Le power-to-gas encore expérimental

De son côté, le power-to-gas (P2G) compte déjà en France une quinzaine de projets autorisés à injecter dans les réseaux, de manière dérogatoire, le méthane (CH4) renouvelable ou bas carbone qu’ils produisent. Cette technologie nécessite encore aujourd’hui un soutien financier pour passer à une échelle industrielle et devenir compétitive. La Direction générale de l’énergie et du climat (DGEC) « pense qu’il est plus intéressant d’utiliser directement la molécule d’hydrogène (H2) produite par électrolyse », souligne toutefois Alexandre Chevallier, qui y est sous-directeur de la sécurité d’approvisionnement et des nouveaux produits énergétiques.

L’État refuse donc pour l’instant de mettre en place des tarifs d’achat préférentiels pour le CH4 issu du P2G. En revanche, « d’après la loi d’accélération de la production d’énergies renouvelables du 10 mars 2023, sous certaines conditions, le CH4 produit par la technologie P2G devrait bénéficier du statut de gaz bas carbone. Toutefois, il manque encore le décret d’application fixant le seuil d’émission de CO2 et les modalités de calcul », a indiqué Malika Madoui-Barmasse, déléguée générale du Club Power-to-gas de l’ATEE.

Des mécanismes, comme des appels à projets étatiques, favorisant les expérimentations sur le temps long sont également absents. « L’Ademe a exploré la technologie P2G notamment afin de favoriser l’adéquation du système électrique et d’absorber le surplus de production.
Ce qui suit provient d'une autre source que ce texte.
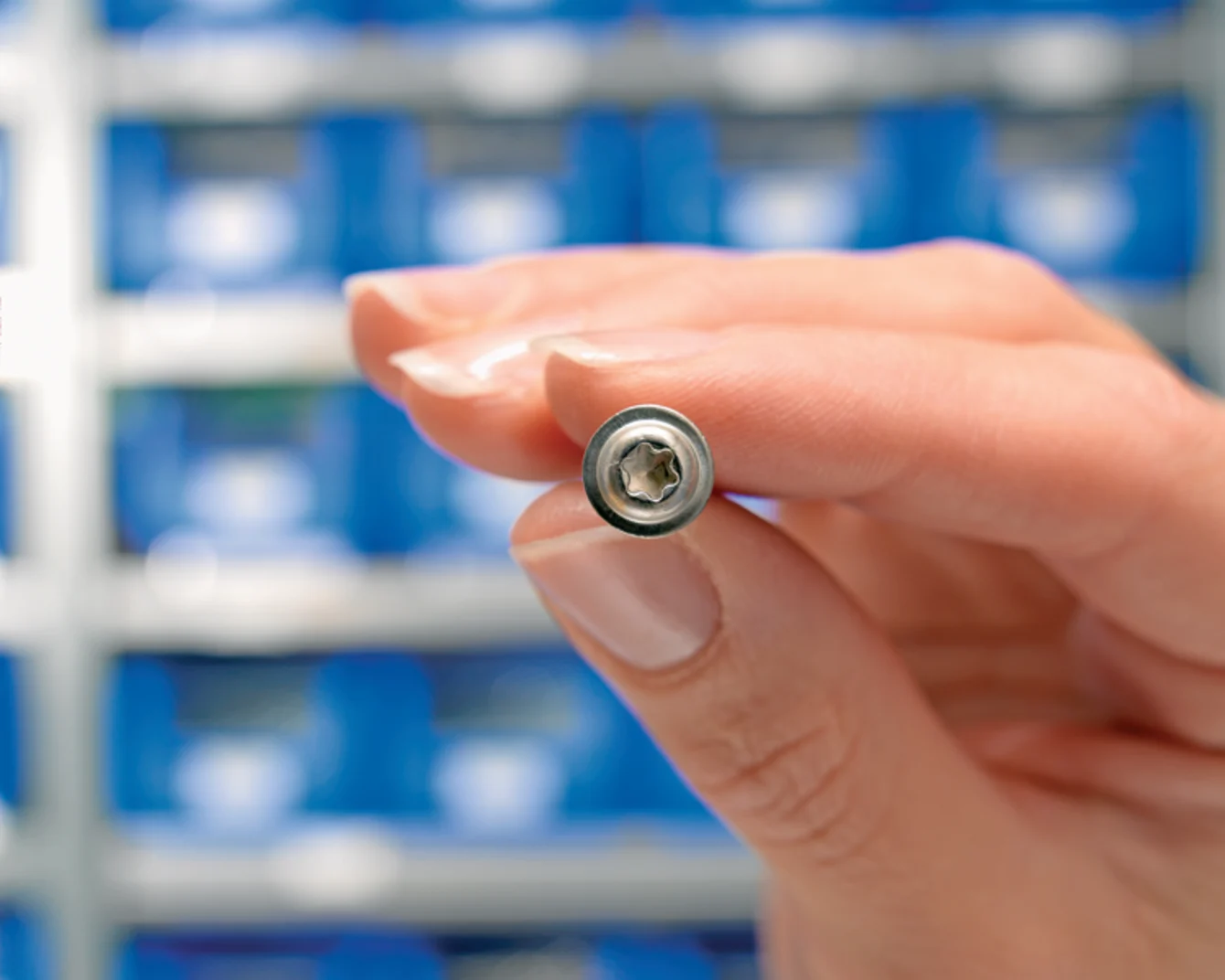 Female hand holding a hexalobular socket pan washer head screw in front of a background with blue boxes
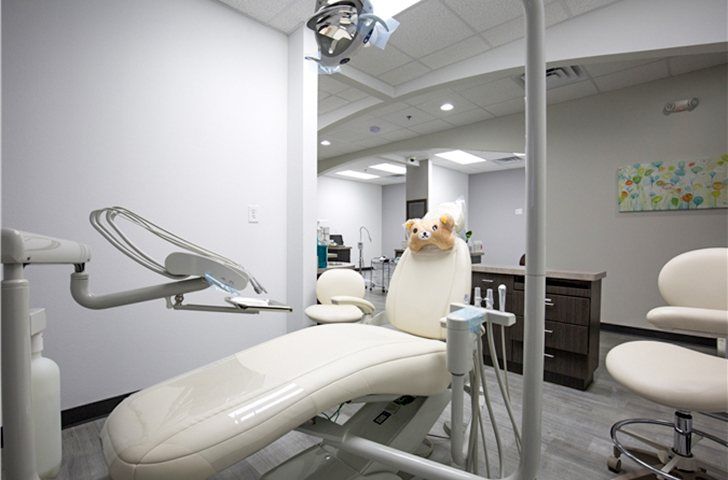 Dental exam chair with kids toy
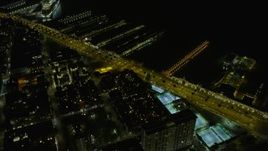6K aerial stock footage fly over Downtown San Francisco, tilt to skyscrapers and piers at night, California Aerial Stock Footage | AX0174_0158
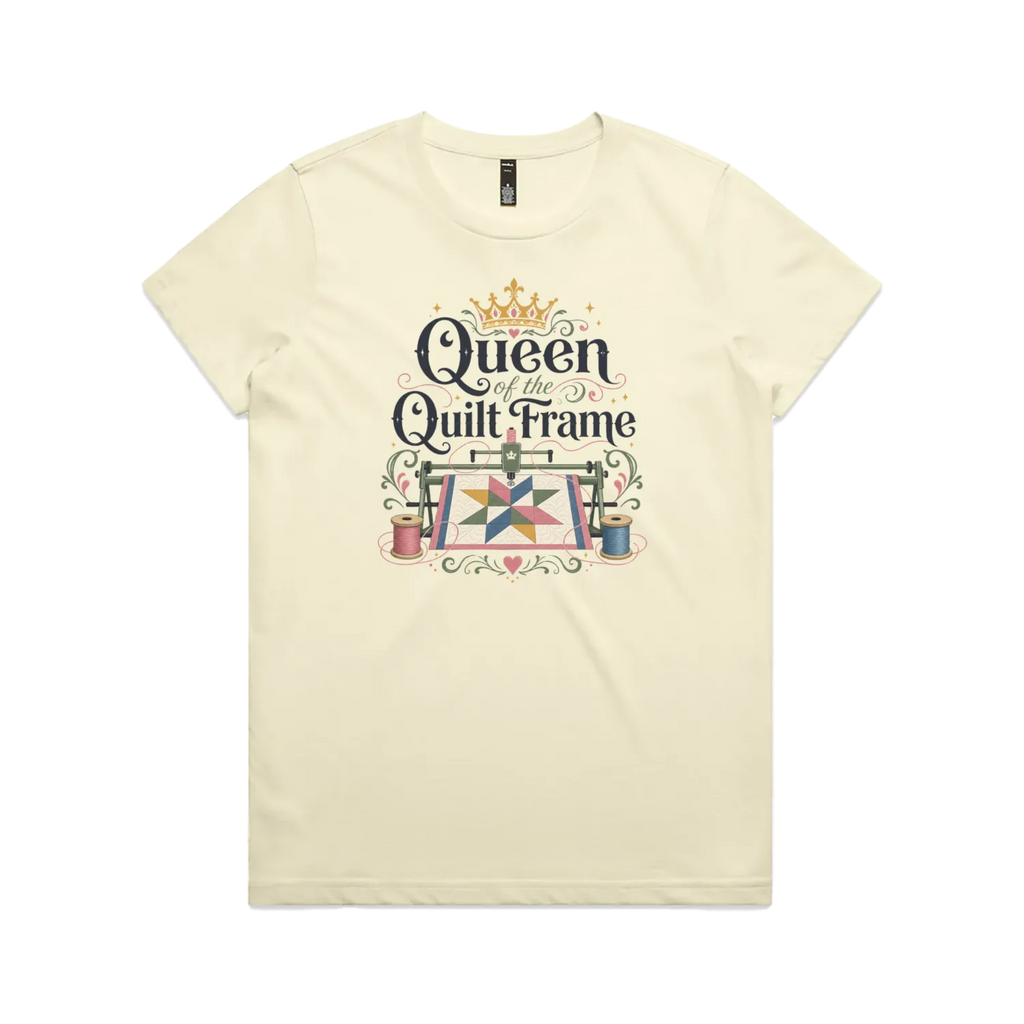 A pale butter yellow short-sleeve t-shirt with a graphic print on the front that reads 'Queen of the Quilt Frame' in black script, decorated with a gold crown, a quilt design, and spools of thread.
Néanmoins, pour parvenir à cette adéquation, RTE a plutôt exploré l’option de la production et du stockage de H2. L’arbitrage n’a pas encore été fait », a expliqué de son côté David Marchal.

Un AMI pour l’hydrothermale ?

Enfin, la gazéification hydrothermale (GH) table sur le lancement de ses premiers pilotes et démonstrateurs industriels hexagonaux d’ici fin 2024. « Un AMI propre à la GH devrait voir le jour au premier semestre 2024, suivi d’un AAP peut-être avant la fin de 2024 », espère Robert Muhlke, pilote du Groupe de travail GH et responsable gazéification hydrothermale chez GRTgaz.

Les acteurs du groupe de travail estiment que les volumes injectés de gaz dans les réseaux avoisineront les 2 TWh/an d’ici 2035. À noter qu’ « aux Pays-Bas, la filière GH devrait assurer quelque 55 % de la production de gaz renouvelable et bas carbone du pays à horizon 2030 », selon Robert Muhlke, de ce fait confiant dans cette technologie. En France, l’Ademe serait quant à elle « prudente en raison de l’enjeu du bouclage biomasse », a exposé David Marchal. Plus généralement, il a résumé la position de l’Agence avec ces mots : « dans nos projections, nous visons une production de 200 TWh de gaz renouvelables par an en 2050. L’invariant est que la moitié serait fournie par la méthanisation. Pour les trois autres technologies, nous sommes plus incertains ».